Task objective:
Using the data that follows, output only the lines from the line with "1/10 Elven Warrior" up to and including the line with "Pleated Curtains 96", exactly, leaving pictures aside.

Record set:

──────────────────────────────

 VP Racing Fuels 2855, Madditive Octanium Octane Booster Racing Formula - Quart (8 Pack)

──────────────────────────────

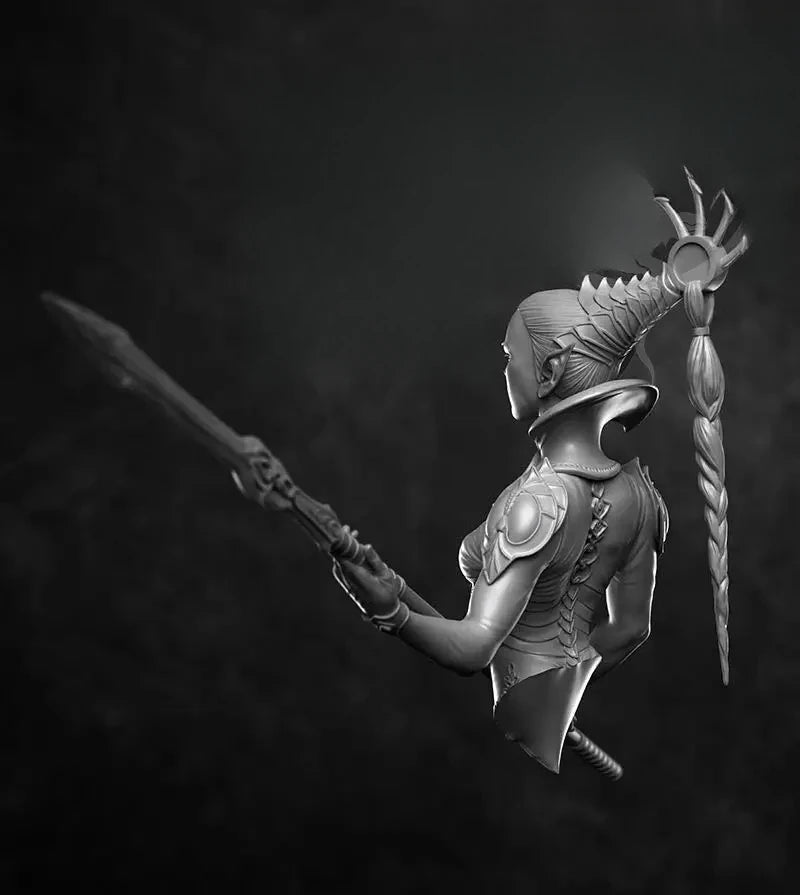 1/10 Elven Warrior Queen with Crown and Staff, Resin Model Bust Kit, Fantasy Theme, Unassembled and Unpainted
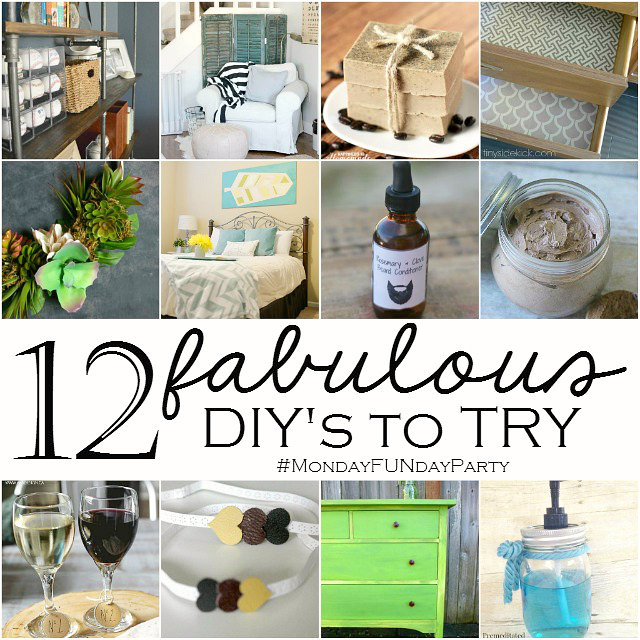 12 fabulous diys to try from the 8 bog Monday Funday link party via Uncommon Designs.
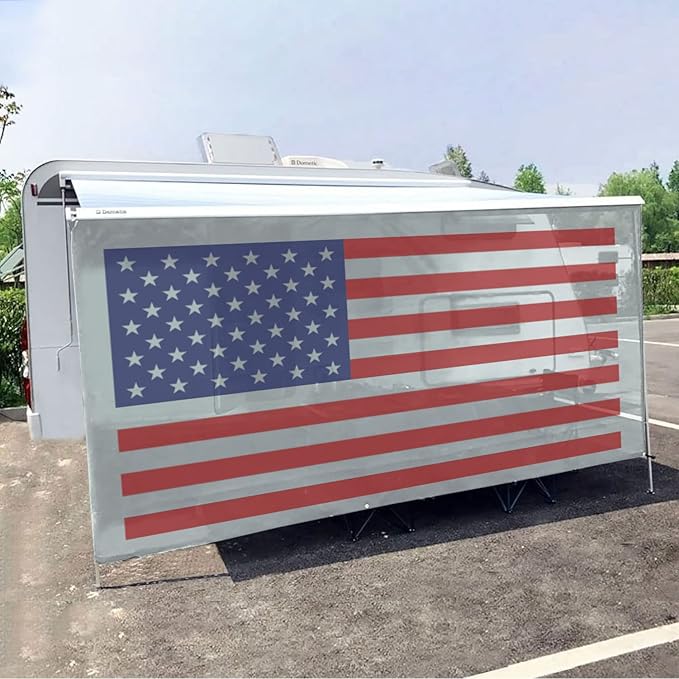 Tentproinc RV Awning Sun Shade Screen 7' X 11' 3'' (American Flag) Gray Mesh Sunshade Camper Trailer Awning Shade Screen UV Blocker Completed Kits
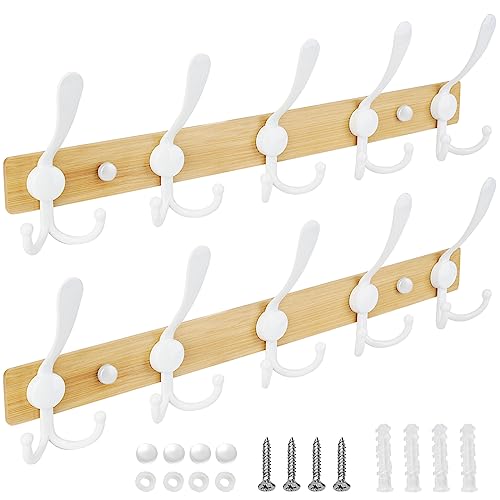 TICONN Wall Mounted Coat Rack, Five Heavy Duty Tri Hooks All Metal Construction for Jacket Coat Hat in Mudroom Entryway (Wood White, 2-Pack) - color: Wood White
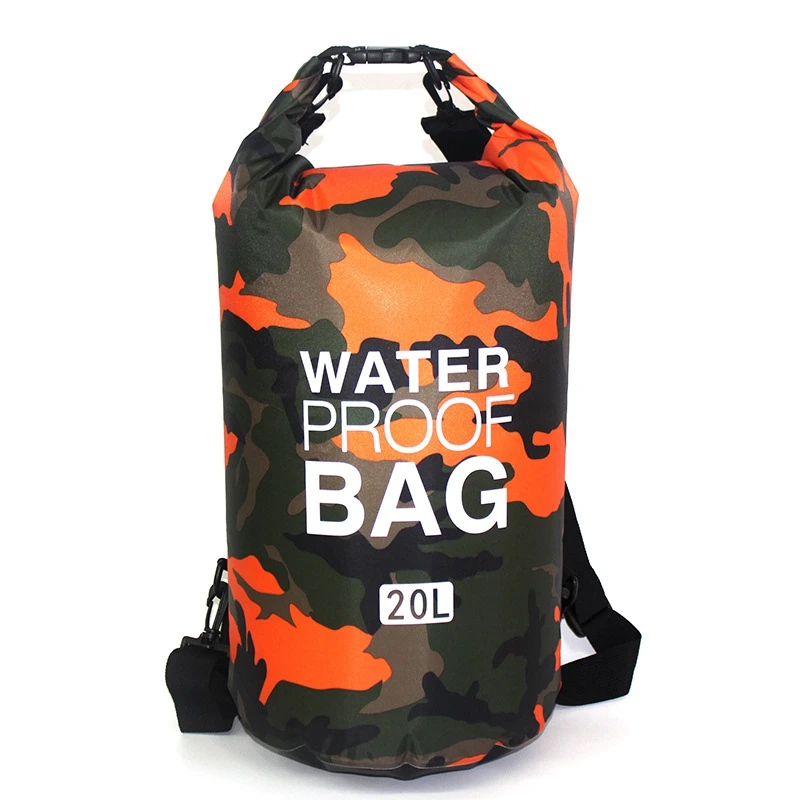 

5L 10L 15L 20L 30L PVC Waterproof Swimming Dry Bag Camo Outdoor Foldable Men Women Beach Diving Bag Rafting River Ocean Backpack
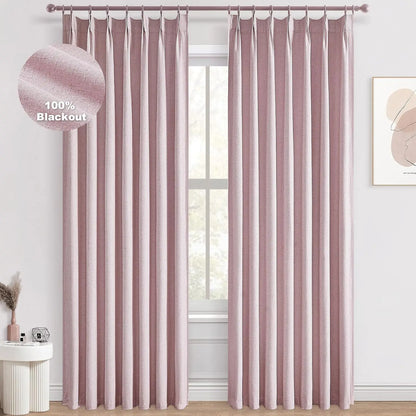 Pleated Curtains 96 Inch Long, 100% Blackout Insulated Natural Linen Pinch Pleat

──────────────────────────────

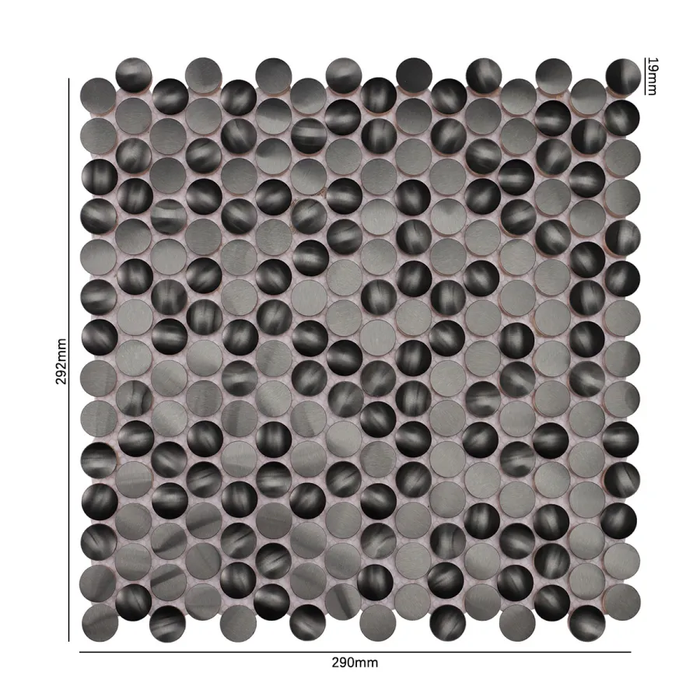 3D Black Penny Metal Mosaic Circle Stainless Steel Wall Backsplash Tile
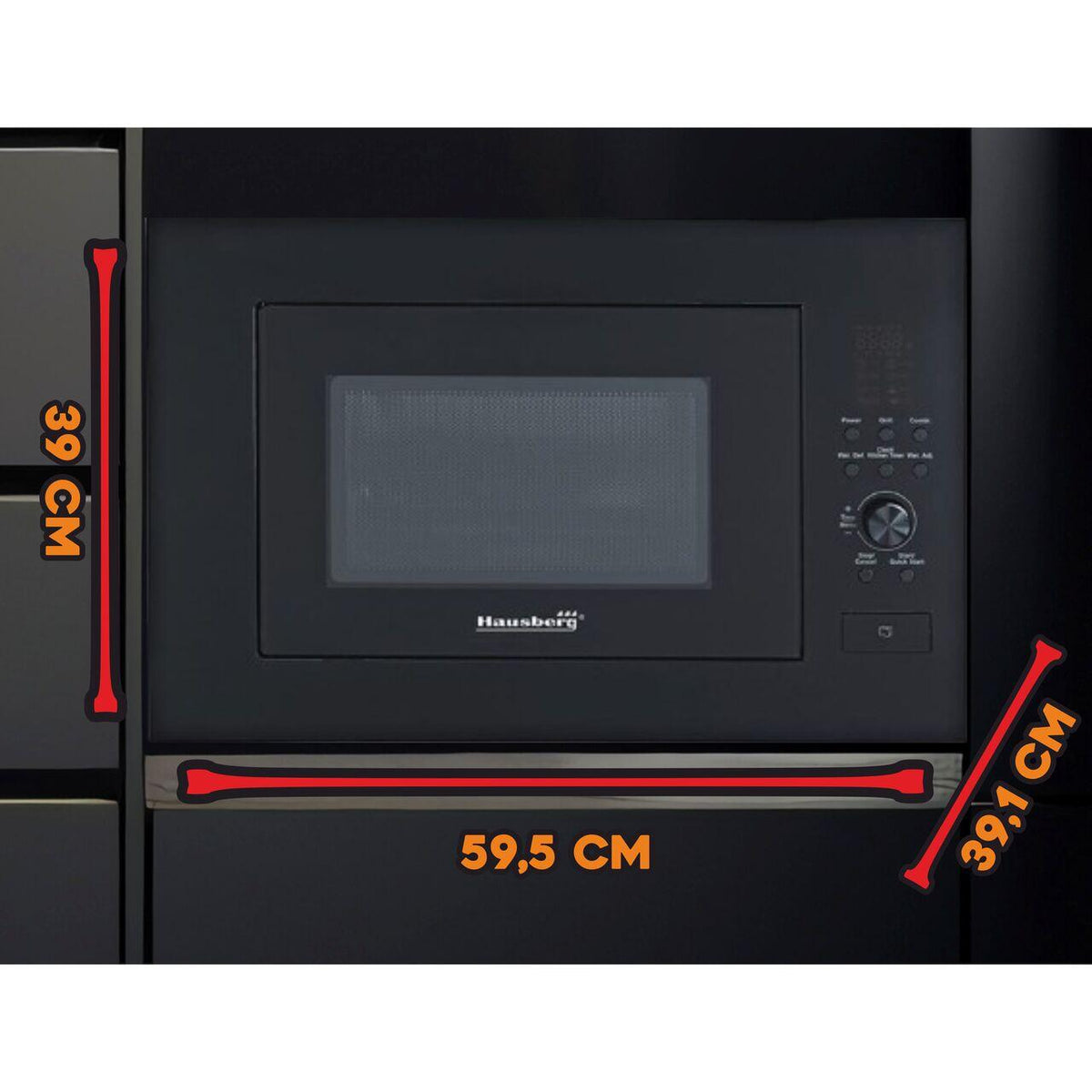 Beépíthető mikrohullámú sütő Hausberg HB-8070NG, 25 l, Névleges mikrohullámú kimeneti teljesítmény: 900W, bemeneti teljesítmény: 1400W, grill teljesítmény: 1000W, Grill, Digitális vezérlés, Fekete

──────────────────────────────

Solution to the exercise:
 1/10 Elven Warrior Queen with Crown and Staff, Resin Model Bust Kit, Fantasy Theme, Unassembled and Unpainted
 12 fabulous diys to try from the 8 bog Monday Funday link party via Uncommon Designs.
 Tentproinc RV Awning Sun Shade Screen 7' X 11' 3'' (American Flag) Gray Mesh Sunshade Camper Trailer Awning Shade Screen UV Blocker Completed Kits
 TICONN Wall Mounted Coat Rack, Five Heavy Duty Tri Hooks All Metal Construction for Jacket Coat Hat in Mudroom Entryway (Wood White, 2-Pack) - color: Wood White

5L 10L 15L 20L 30L PVC Waterproof Swimming Dry Bag Camo Outdoor Foldable Men Women Beach Diving Bag Rafting River Ocean Backpack
 Pleated Curtains 96 Inch Long, 100% Blackout Insulated Natural Linen Pinch Pleat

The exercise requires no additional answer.